— Activity —
Return the lines below exactly, from the first line to the line that contains "Rutger Muller /". Leave out pictures.

Short web captions

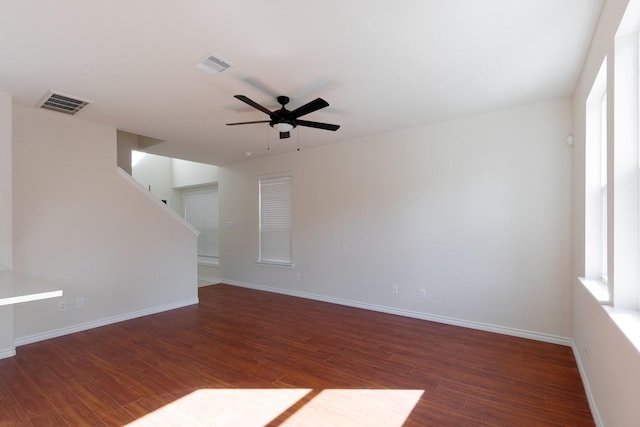 spare room featuring visible vents, baseboards, wood finished floors, and a ceiling fan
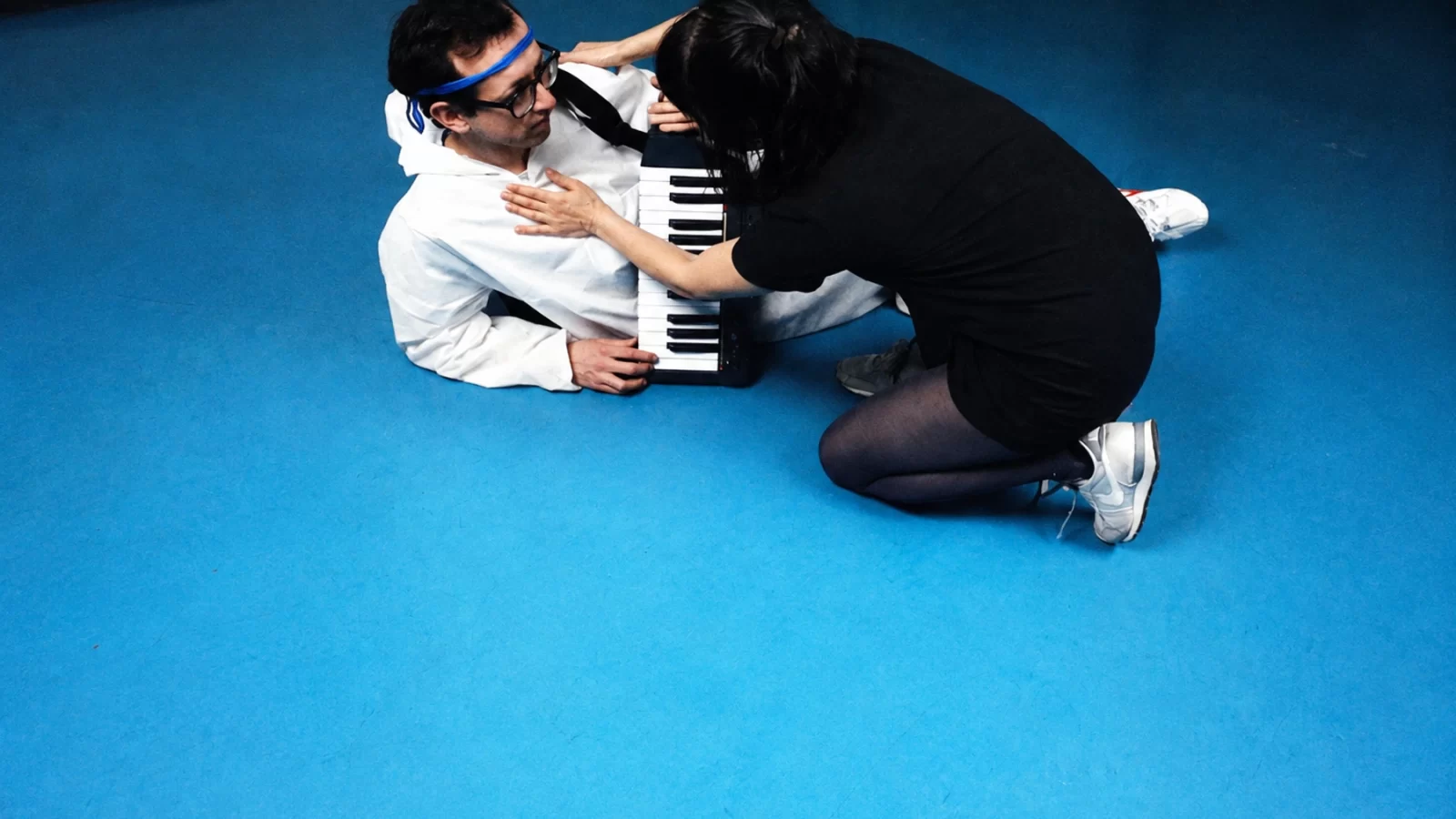 Rutger Muller / Diskette Deluxe reclining on a blue floor with a keyboard during a performance.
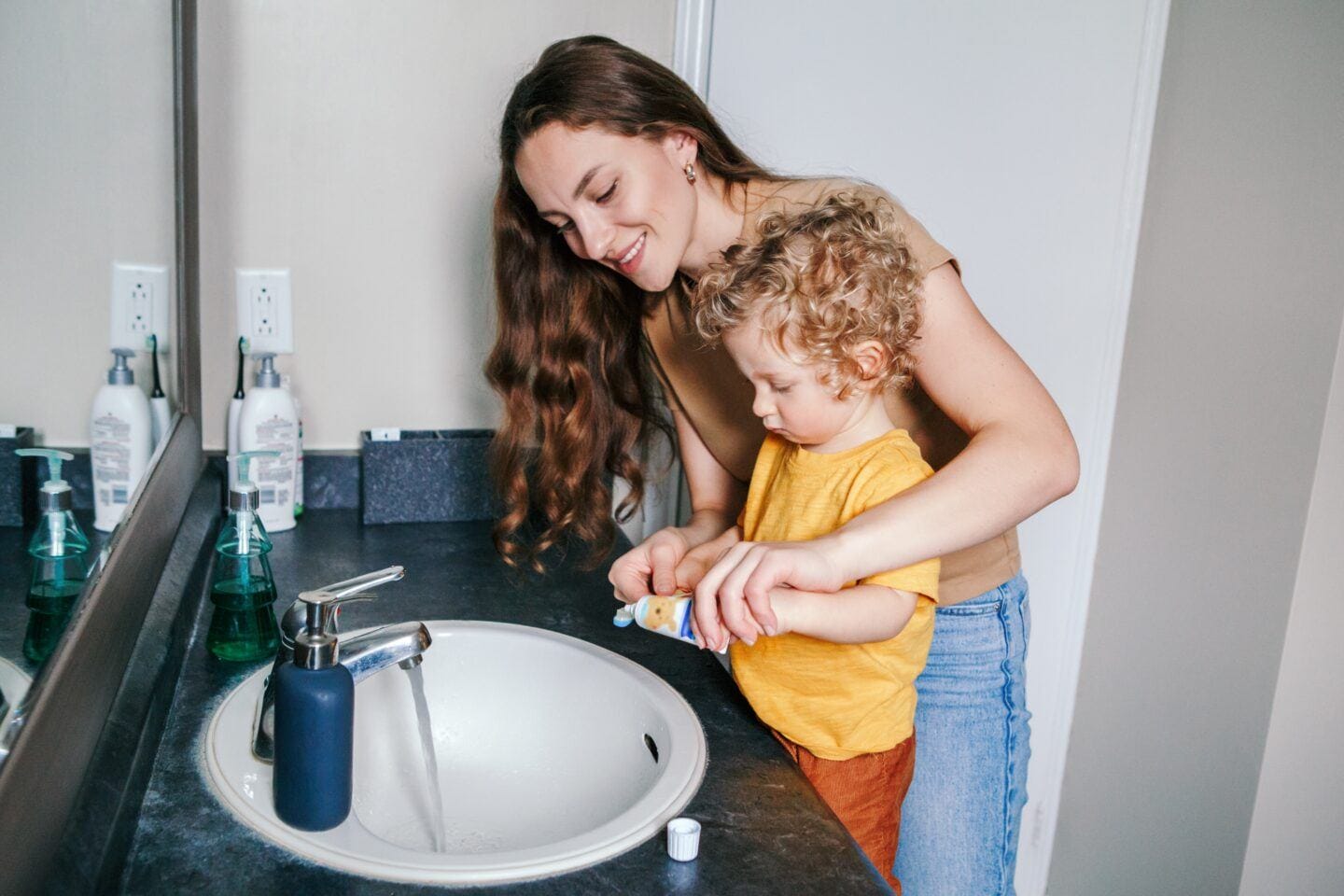 A little praise helps toddlers brush their teeth for longer, study finds Toddler fights tooth brushing: mother helping toddler brush teeth at bathroom sink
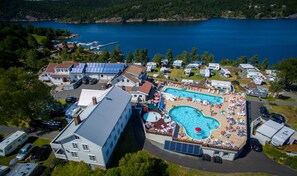 A large swimming pool surrounded by RVs and mobile homes, with a lake in the background. - Sørlandet Feriesenter (Risør)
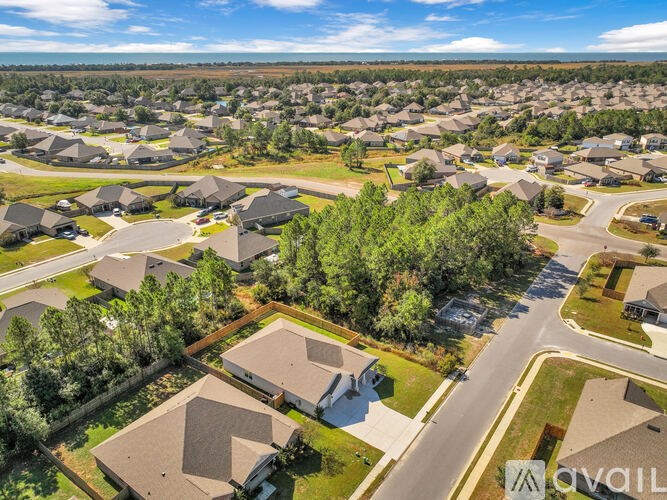 A bird's eye view of a residential area with houses and roads.
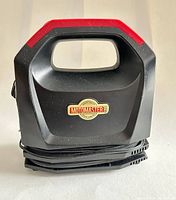 Front view of MotoMaster air compressor showing brand badge, carry handle, cord storage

— Response to the task —
 spare room featuring visible vents, baseboards, wood finished floors, and a ceiling fan
 Rutger Muller / Diskette Deluxe reclining on a blue floor with a keyboard during a performance.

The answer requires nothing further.